The phytochemical screening of Artichoke leaves aqueous extract (ALE) was undertaken and its protective effect against carbon tetrachloride (CCL4)-induced hepatotoxicity in rats was studied. Fifty mature male rats were randomized into 5 equal groups as follows: (1) negative (normal) control, (2) positive (intoxicated non-treated) control, (3) standard (Silymarin-pretreated, 50 mg/kg), (4) pretreated with ALE in dose 200 mg/kg and (5) pretreated with ALE in dose 400 mg/kg, respectively. CCL4 was subcutaneously injected to all groups except the negative control during the last week of experiment to induce hepatotoxicity. Silymarin and ALE were orally given to rats in daily doses for 6 weeks. At the end of experiment, rats were weighed, sacrificed and blood samples were collected for serum biochemical analyses. Livers of the sacrificed rats were taken for assaying activities of antioxidant enzymes and histopathology. The phytochemical screening revealed that ALE contains flavonoids, saponins, alkaloids, tannins, glycosides, and devoid of resins and triterpenes.
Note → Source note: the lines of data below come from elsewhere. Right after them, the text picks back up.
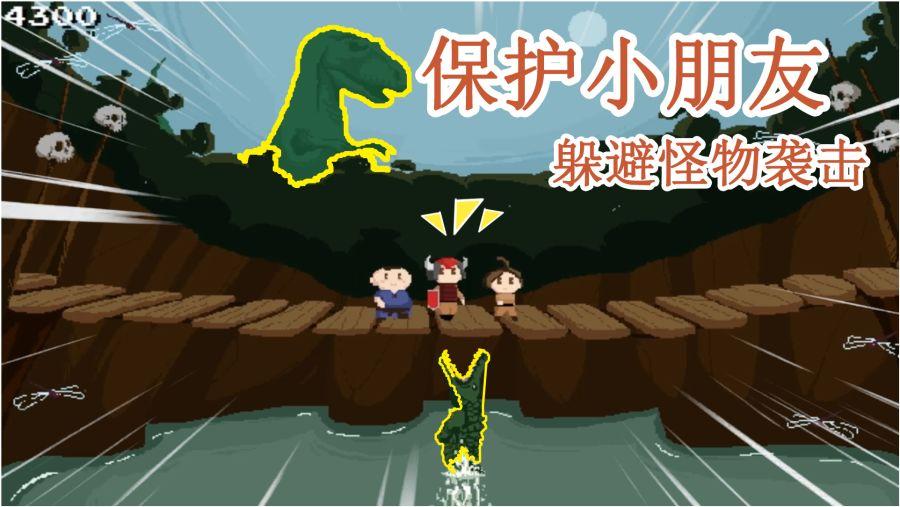 hahabetcom官网星辰大海
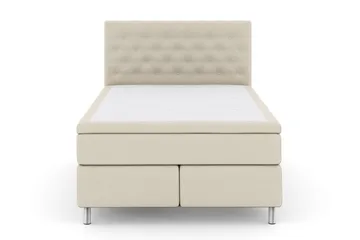 Metall - Beige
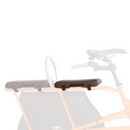 Vélo électrique Accessoire Yuba - Mini Soft Spot Accessoires vélo - Rutile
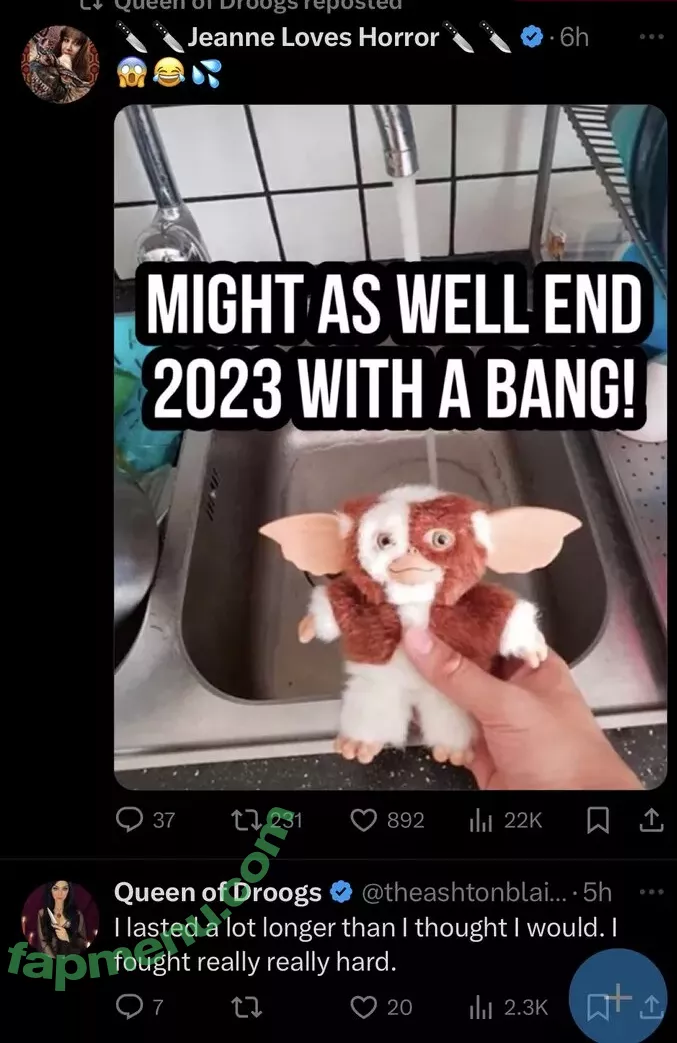 Ashton Birdie nude photo #0109 (ashtonbirdie)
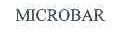 MICROBAR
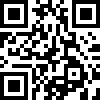 https://imna.ir/x8bVW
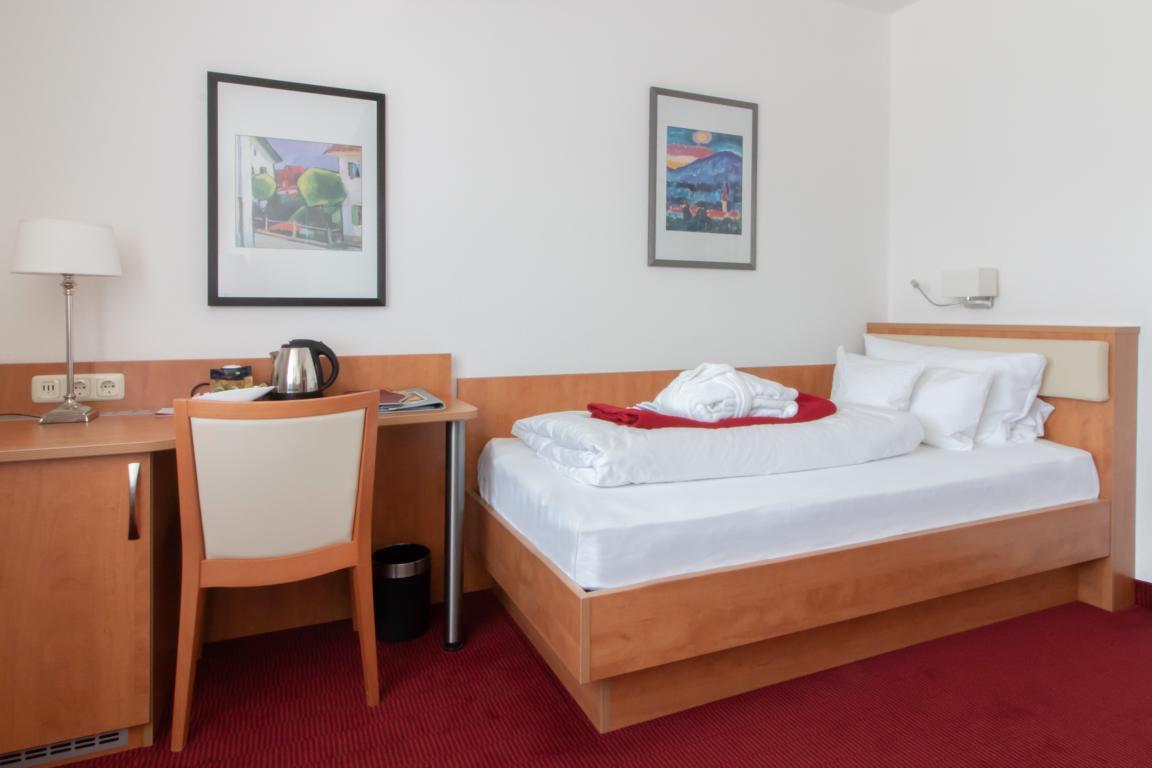Hotel Ostseeresidenz Cammann 그로미츠 외부 사진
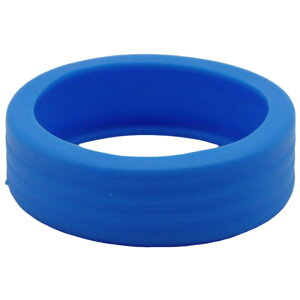  LX^[Jo[ 8Zbg ԗփJo[ VR tȒP LX^[ی X[cP[X L[P[X ֎q h~ ΍ ~ É s o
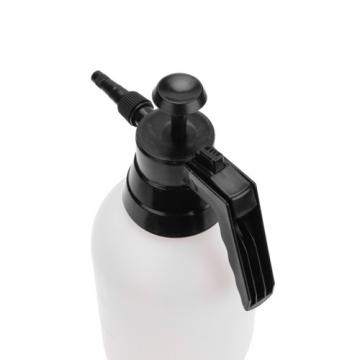 Опрыскиватель ручной REXANT 80-0298 2л фото 2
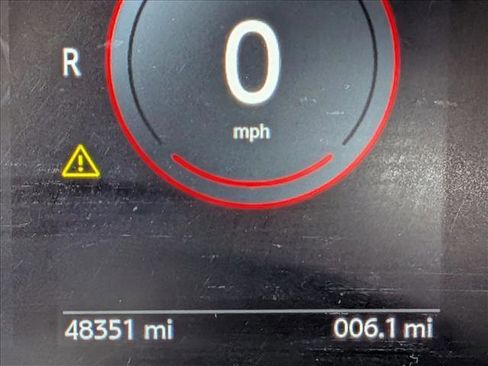 Used 2023 MINI Cooper S FWD image 10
Oral pretreatments with ALE increased body weight gain; normalized serum levels of AST, ALT and ALP enzymes, total cholesterol, triglycerides, low density lipoprotein, and total bilirubin, and increased levels of total proteins. There were also increases in activities of tissue superoxide dismutase, glutathione peroxidase and catalase antioxidant enzymes with mitigation of renal tubular necrosis induced by CCL4 in the liver. These results denote that ALE has hepatoprotective, hypolipidemic and antioxidant effects in hepatotoxic rats. Therefore, intake of Artichoke leaves as herbal tea may be beneficial for patients who suffer from liver diseases.

Keywords: Artichoke, Hepatoprotective, Hypolipidemic, Antioxidant, Liver histopathology.